Lectures on D-branes and Sheaves

TL;DR

This paper reviews the connection between boundary states in the open string B model on Calabi-Yau manifolds and sheaves, highlighting mathematical tools for counting open string states and exploring physical-mathematical relationships.

Contribution

It provides a comprehensive overview of how boundary states relate to sheaves and derived categories, and discusses various physical scenarios affecting these models.

Findings

Boundary states correspond to sheaves on Calabi-Yau manifolds.

Mathematical interpretations facilitate counting open string states.
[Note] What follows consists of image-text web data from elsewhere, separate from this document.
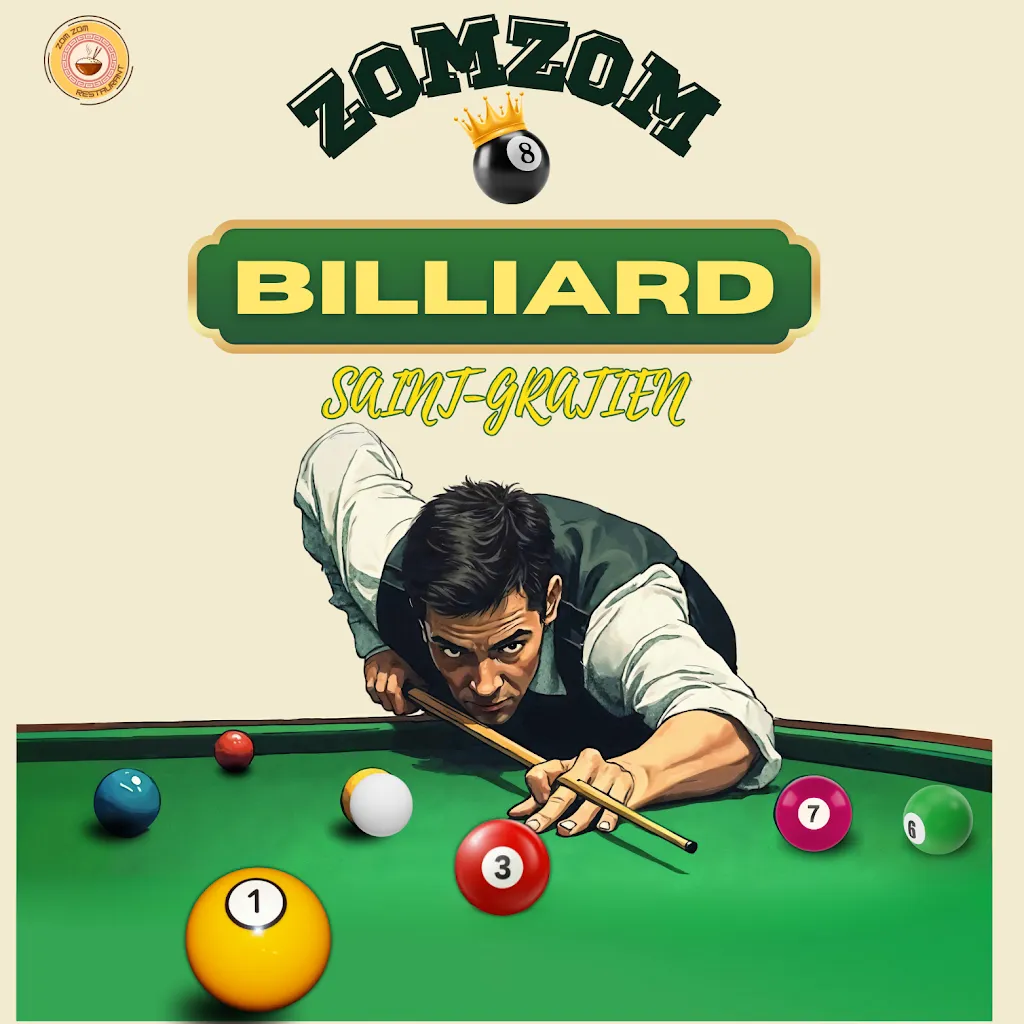 ZOM ZOM RESTAURANT_Saint-Gratien_slider_image_3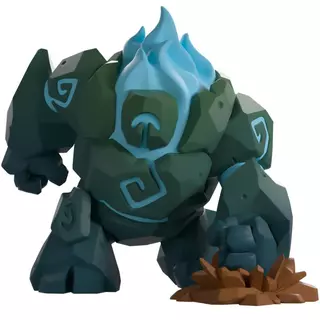 YouTooz League of Legends - Blue Sentinel Figure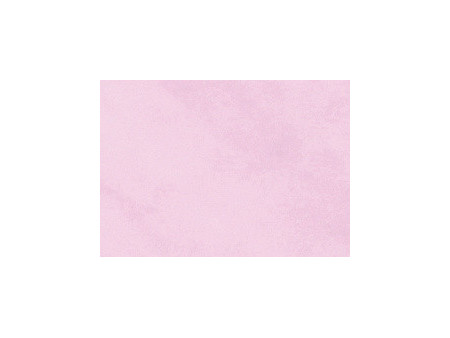 Clairefontaine Papier cadeau 'kraft', gris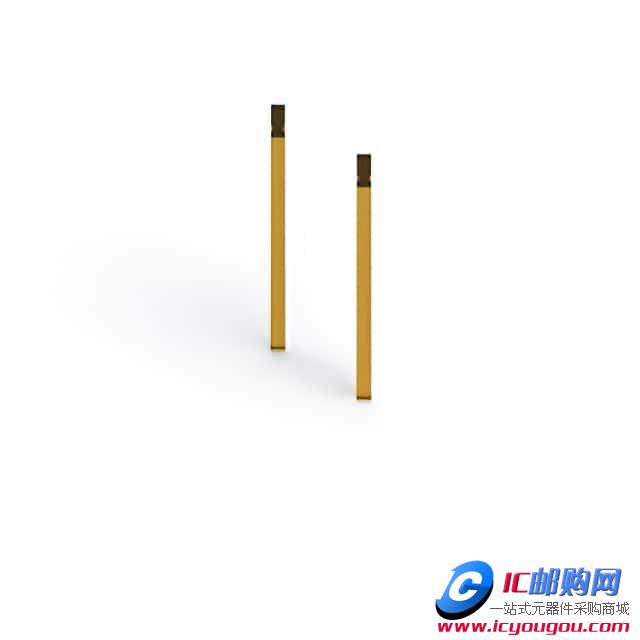 c(din)鿴106-002-251-200DƬ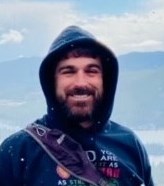 LCol/Lcol J.F.D. Leclerc, CD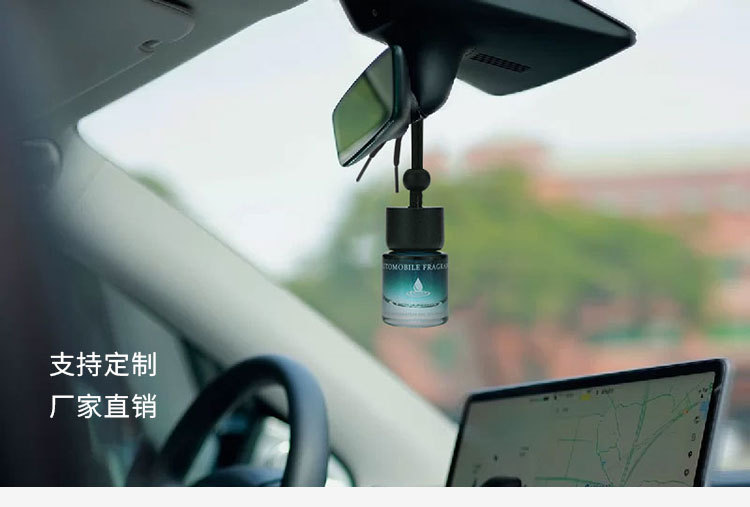 gG+cjPqtyNRshAcdJLmje5KrlxRjF0mSfPFR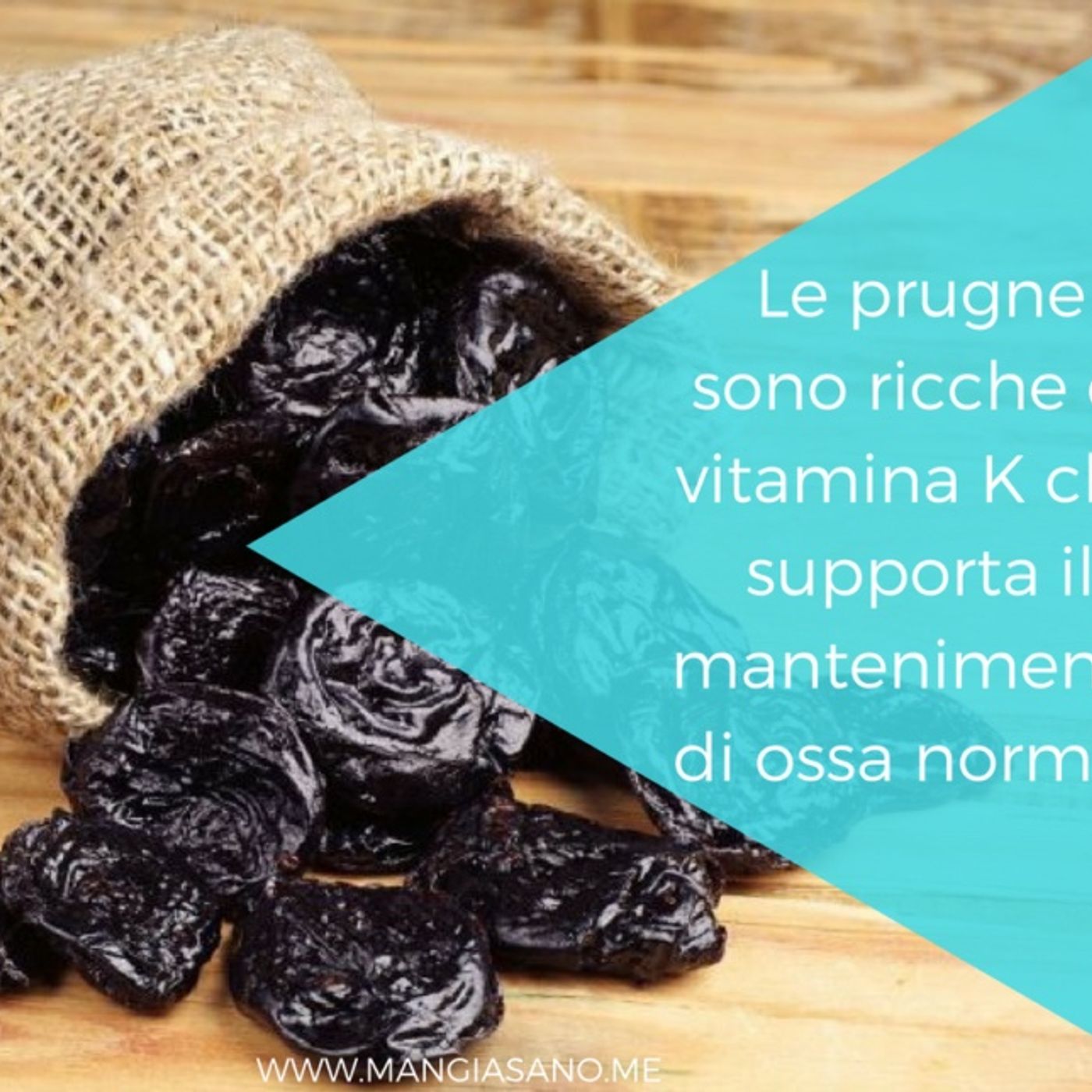 Educazione Alimentare!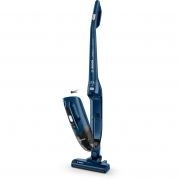 Aspirator cu acumulatori BOSCH Seria 2 Readyy'y 16Vmax BCHF216S, Night Blue Injection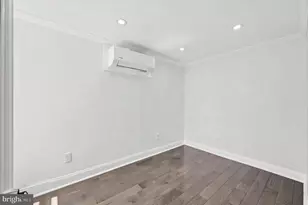 2241 N Hancock St, Philadelphia, PA 19133 - Photo 20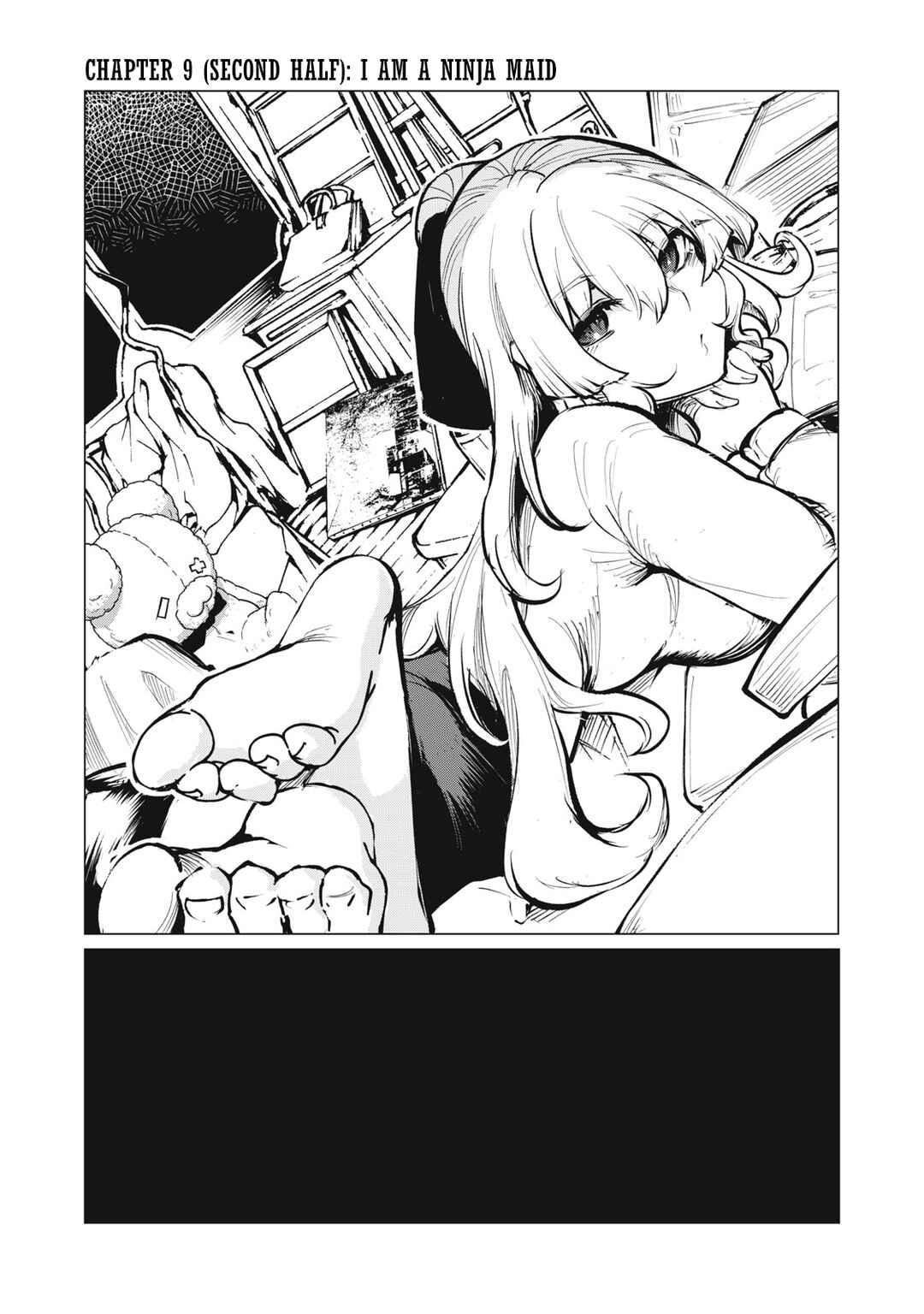 Chapter 9 - Page 14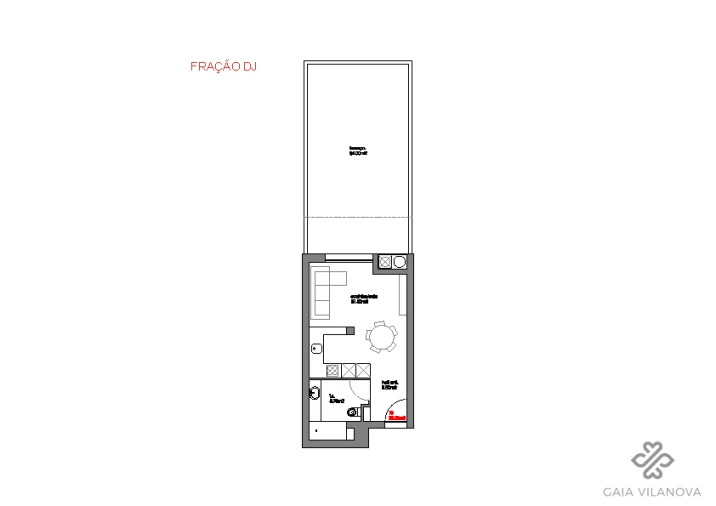 Apartamento para Venda em Valadares Foto 16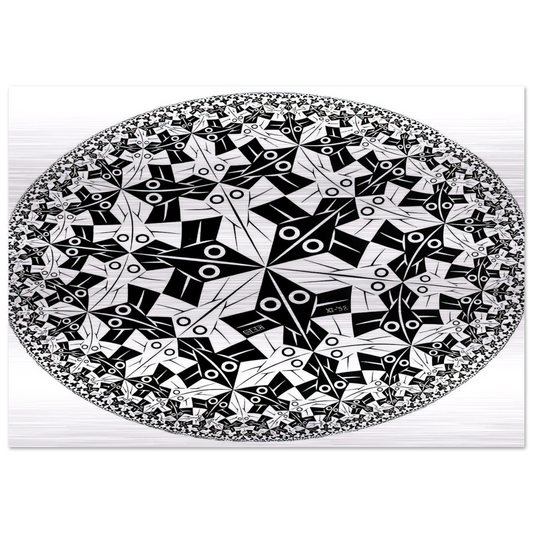 e1720c09-edf4-49f0-8edb-a8617f477f15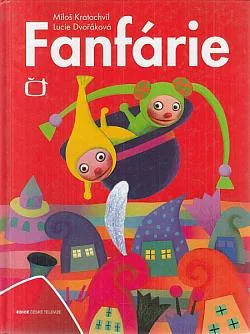 Fanfárie
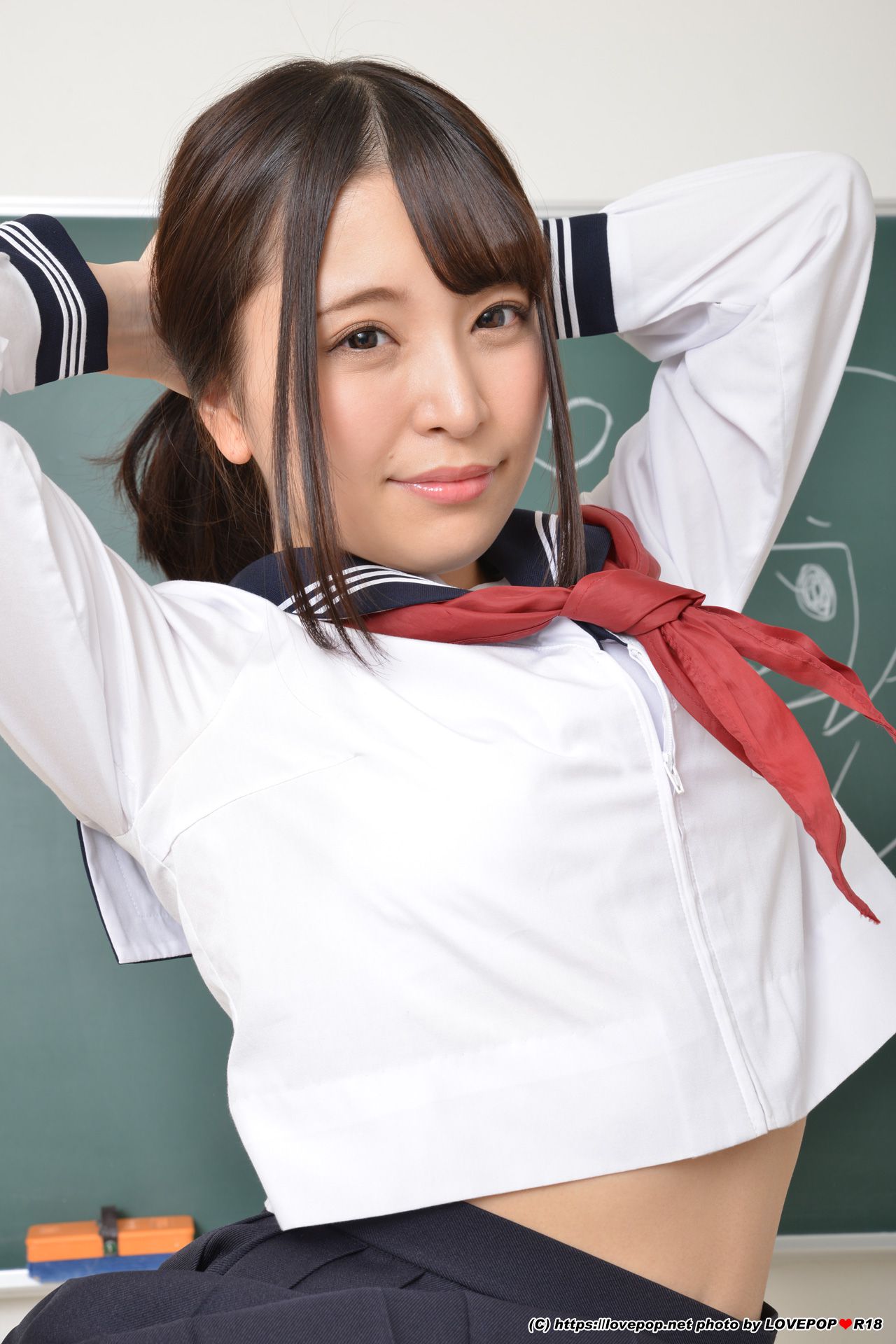 Momoka Katou 加藤ももか Photoset 01  --- 可能重复1-4-图55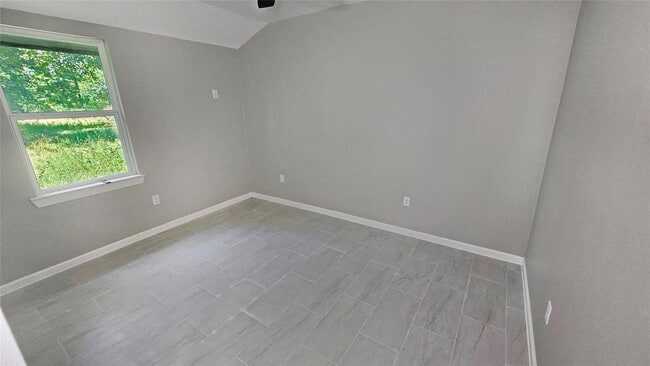 Building Photo - 8454 Blankenship Dr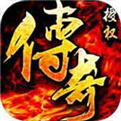 top casino slots截图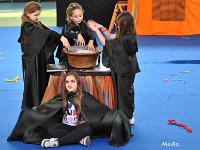 DSC 0296-001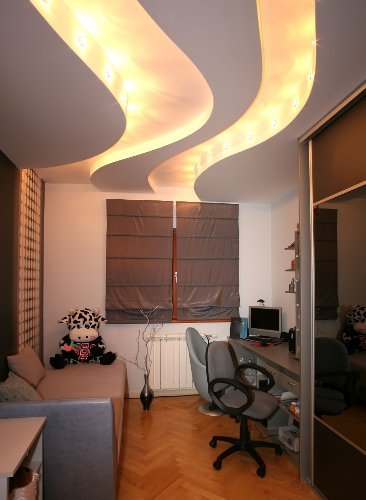 Efektni detalji za skroman budžet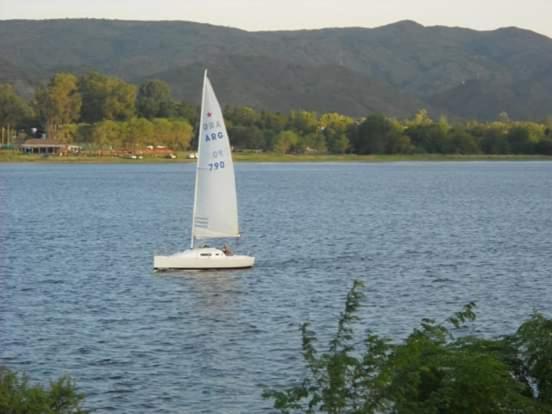 other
Physical variations like B fields and orbifolds alter the models.

Abstract

These notes are a writeup of lectures given at the twelfth Oporto meeting on ``Geometry, Topology, and Physics,'' and at the Adelaide workshop ``Strings and Mathematics 2003,'' primarily geared towards a physics audience. We review current work relating boundary states in the open string B model on Calabi-Yau manifolds to sheaves. Such relationships provide us with a mechanism for counting open string states in situations where the physical spectrum calculation is nearly intractable -- after translating to mathematics, such calculations become easy. We describe several different approaches to these models, and also describe how these models are changed by varying physical circumstances -- flat B field backgrounds, orbifolds, and nonzero Higgs vevs. We also discuss mathematical interpretations of operator products, and how such mathematical interpretations can be checked physically. One of the motivations for this work is to understand the precise physical relationship between boundary states in the open string B model and derived categories in mathematics, and we outline what is currently known of the relationship.